# Toronto Neighbourhood clustering - Part 3 - Clustering

Firstly, the necessary packages are imported. `requests` is used to obtain the data, which is then processed into a dataframes using `pandas`. `Folium` is used to render maps. `Nominatim` is used to obtain coordinates data.

In [7]:
import requests
import pandas as pd
import geocoder
import folium
from geopy.geocoders import Nominatim

The data is fetched from Wikipedia and the `read_html` method is used to assign the tabular data to a dataframe. The index '0' ensures that only the necessary
data is retrieved. The last step filters the dataframe to remove entries with 'Not assigned' in the 'Borough' column

In [8]:
data  = requests.get("https://en.wikipedia.org/wiki/List_of_postal_codes_of_Canada:_M").text
df = pd.read_html(data)[0]
df = df[df.Borough != 'Not assigned']

A function called commajoin is defined. It takes in a list of strings and returns a comma-concatenated (with a whitespace) output. 
This function is defined so that it can be used as an input to the apply method, to combine necessary rows.
`groupby` is used first, to group entries in the dataframe. The output of all the aforementioned steps is written back to the same variable using the `to_frame` method.
To resolve the indices numbering, `reset_index` is applied.

In [9]:
def commajoin(list):
    return ', '.join(list)
df = df.groupby(['Postcode','Borough'])['Neighbourhood'].apply(list).apply(commajoin).to_frame().reset_index()

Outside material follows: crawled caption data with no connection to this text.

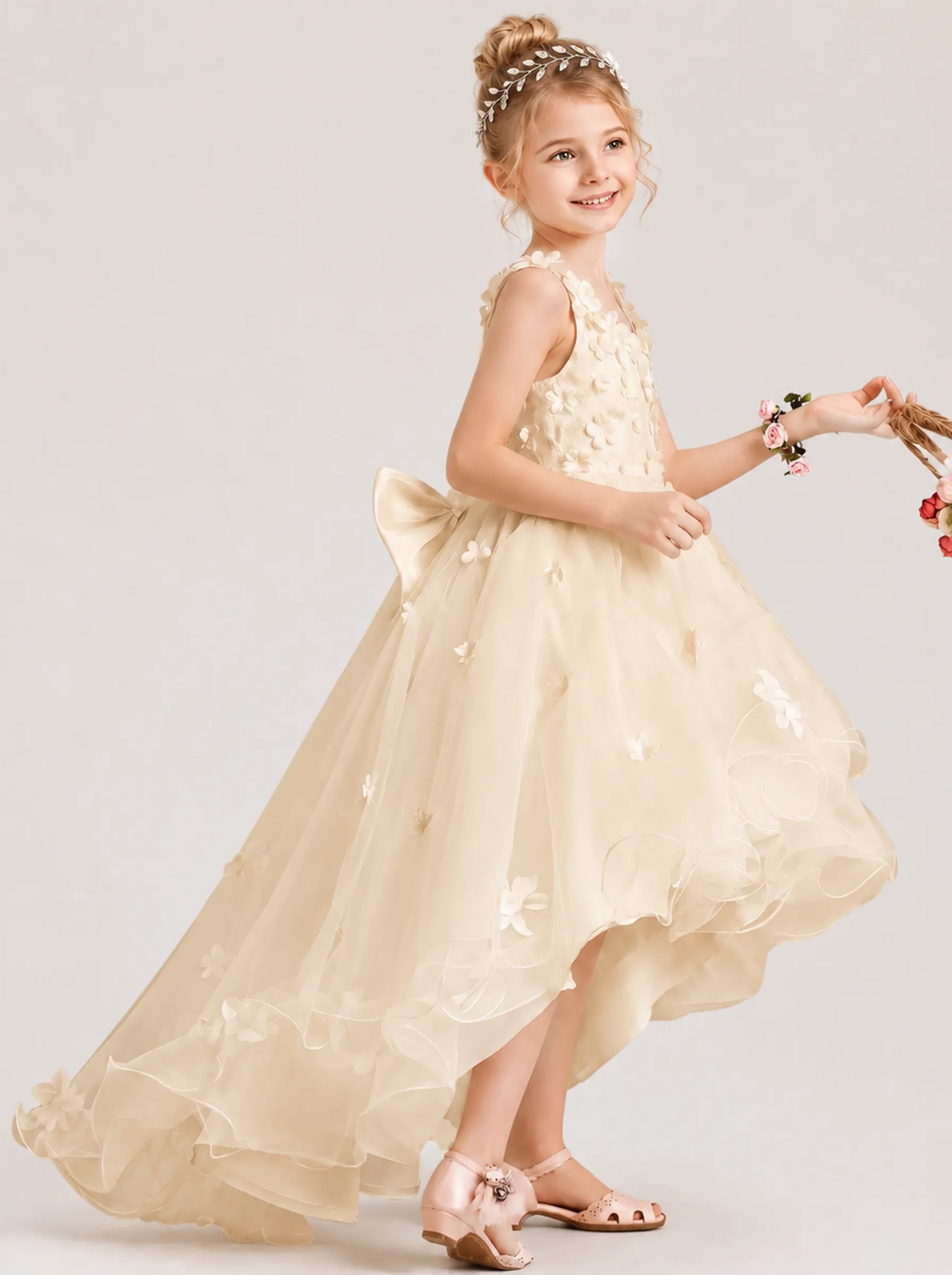 Champagne 3D Floral Flower Girl Dress
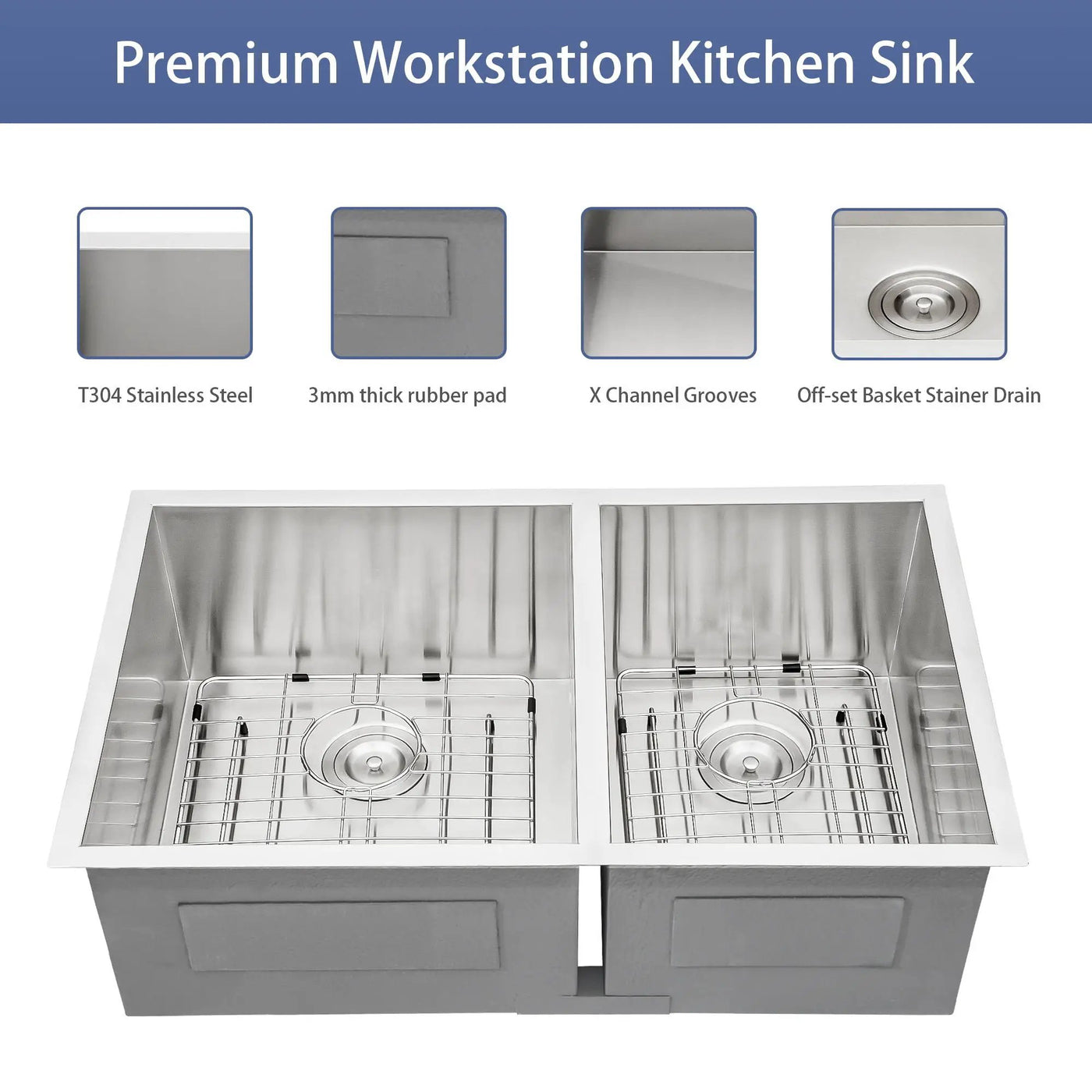Modern Double Bowl Undermount Sink Design With 10" Deep Basins by HouseOfZazla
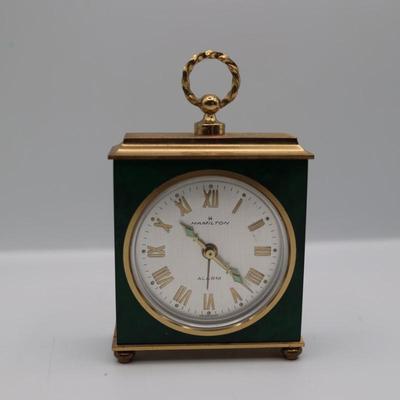 Vintage Hamilton Mini Brass Alarm Clock (See Details)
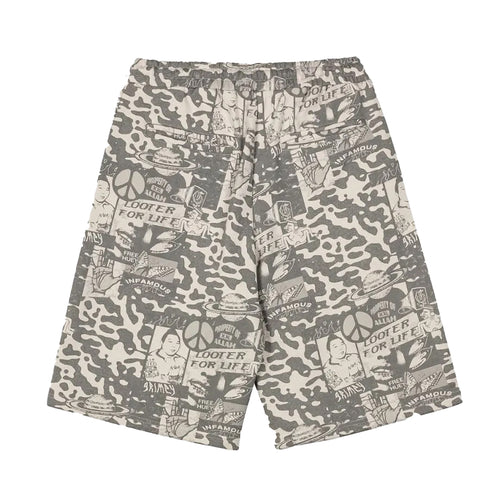 Grimey Mens Peace Within All Baggy Sweatshorts GBSS191-LGRE Light Grey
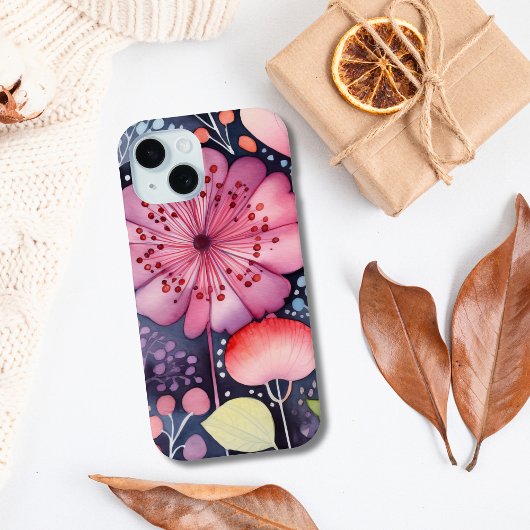 Bright Bold Pink Floral Watercolor Boho Case-Mate iPhone Hülle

The next step involves assignment of respective Borough entries to the Neighbourhood column wherever 'Not assigned' is seen.

In [10]:
for i, j in df.iterrows():
    if j['Neighbourhood'] == 'Not assigned':
        j['Neighbourhood'] == j['Borough']

Next, a new dataframe is created from the csv file containing Toronto geospatial data. The header of the first column is changed from 'Postal Code' to 'Postcode' so that the `merge` method can be applied to the two dataframes. The columns are rearranged in order to match the required output.

In [11]:
df2 = pd.read_csv('http://cocl.us/Geospatial_data')
df2.columns = ['Postcode', 'Latitude', 'Longitude']
df = pd.merge(df2, df, on = 'Postcode')
df = df[['Postcode', 'Borough', 'Neighbourhood', 'Latitude', 'Longitude']]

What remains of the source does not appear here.